LOOK at more of Fish's work from the DC Moore Gallery, which represents her (this is also where the blurb above comes from)

READ this: Artist Profile: Janet Fish (as you read, make special note of the many connections between Fish and other artists we have discussed).
​

WATCH this:

AFTER CAREFULLY REVIEWING THE RESOURCES ASSIGNED ABOVE: Answer the following questions completely and with specificity to the provided resources, notes taken, personal reflection, and additional research as needed. Make sure to consider how this information is relevant to your current work and practice.
​
1. The paintings of Fish and Cézanne are different  -  and they lived and worked at very different times in history. Still, they share similarities. Explain using points from the reading to support your answer.
2. Her work has been described as "photorealist" but she disagrees with this assertion. Explain using points from the reading to support your answer.​
3. The assigned reading, video, and gallery link provided many more topics than those addressed in questions #1 and #2​. Take this opportunity to explain what you found to be of particular interest.

#5 Giorgio Morandi (1890 - 1964)

10/10/2018

 
Picture
Still Life
1955
12” x 16”
National Gallery of Art, Washington D.C.

READ THIS article (and study the pictures) to get to know Giorgio Morandi and his fascination with still life. Think about HIS explorations with THIS subject as you think about what YOU want to make art about....

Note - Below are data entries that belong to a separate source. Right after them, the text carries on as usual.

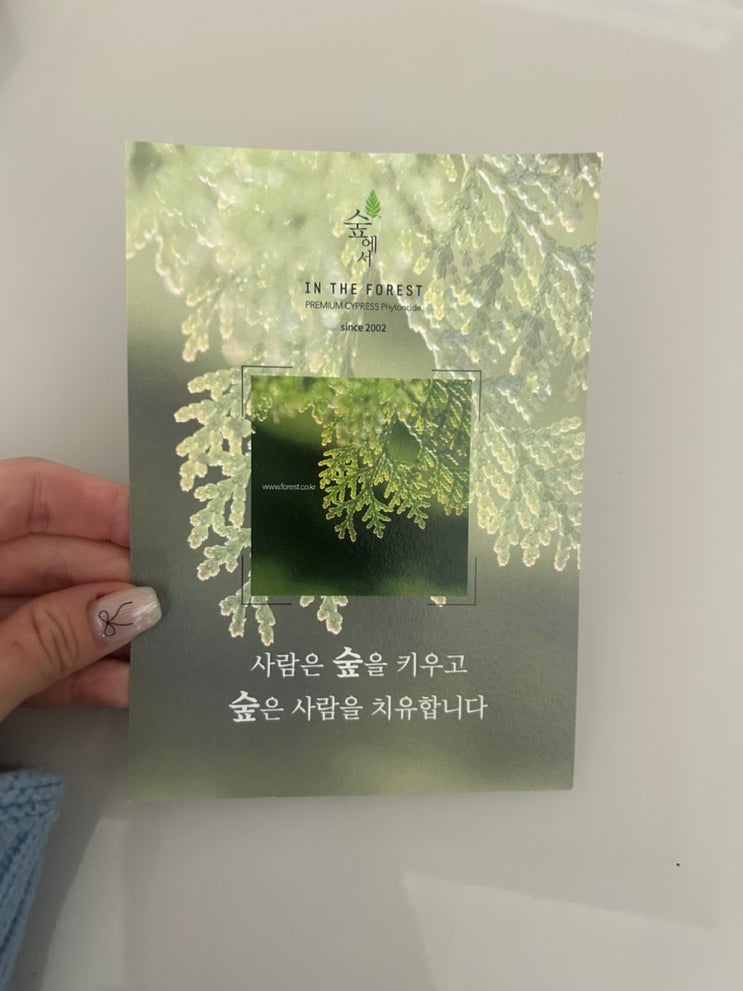  내집안에 작은 숲속 숲에서 피톤치드겔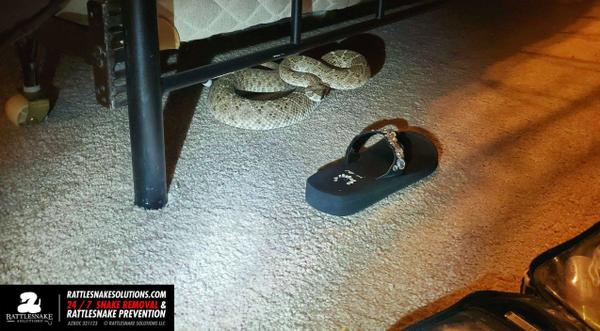 Arizona Resident Finds Pregnant Rattlesnake Under Their Bed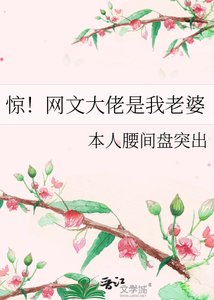 《惊!网文大佬是我老婆》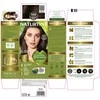 Naturtint plaukų dažai be amoniako 3wn - natūraliai spindinti tamsiai ruda spalva, 170 ml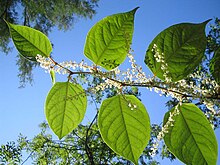 Fallopia-japonica(Blaetter).jpg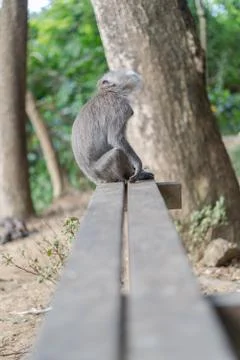 Bali Monkeys at monkey forest Stock Photos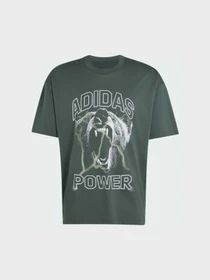Футболки і поло Adidas Clima модель KQ9853 Фото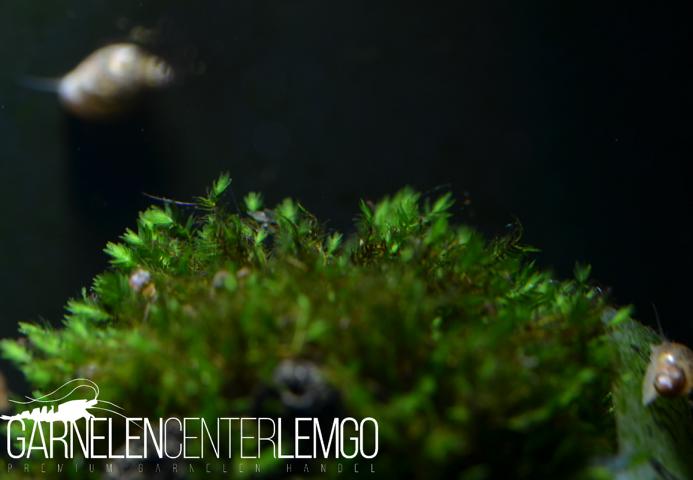 Fissidens Sp. Vietnam auf  Plant Sheet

New article:  https://mobile.nytimes.com/2008/09/19/arts/design/19mora.html?

Watch this short video - it's an old exhibit but the info. and images are still relevant.

AFTER CAREFULLY REVIEWING THE RESOURCES ASSIGNED ABOVE: Answer the following questions completely and with specificity to the provided resources, notes taken, personal reflection, and additional research as needed. Make sure to consider how this information is relevant to your current work and practice.
​
1. Look carefully and thoughtfully at Morandi's work. What words or phrases come to mind? What feeling do you get from the composition, colors, and the work in general?
2. List the artists who inspired Morandi.  What did he take from these artists, in order to finally develop his own style?
3. He called himself a "monk" and others agreed with this nickname, also calling him a "zen master"....why?

CURIOUS? Here's more:
Morandi @ MoMA
Morandi @ TATE

#4 Pablo Picasso (1881 - 1973)

10/9/2018

 
Picture




Still Life with Chair Caning
1912
Oil and oilcloth on canvas, with rope frame
10 5/8 x 13 3/4 in. (27 x 35 cm.)
Musée Picasso, Paris

WATCH THESE VIDEOS and take good notes: 

AFTER CAREFULLY REVIEWING THE RESOURCES ASSIGNED ABOVE: Answer the following questions completely and with specificity to the provided resources, notes taken, personal reflection, and additional research as needed. Make sure to consider how this information is relevant to your current work and practice.
​

1. a) What was your first reaction upon seeing this painting? b) Is this painting style similar to or different from the art you like most?
2. Picasso said, “Can this object still be art if I don’t actually render its forms myself, if the quality of the art is no longer directly tied to my technical skills or level of craftsmanship?" What do you think?
3. After learning more about this work of art, and about Cubism in general, explain your thoughts about abstraction and its relationship to mimetic works of art.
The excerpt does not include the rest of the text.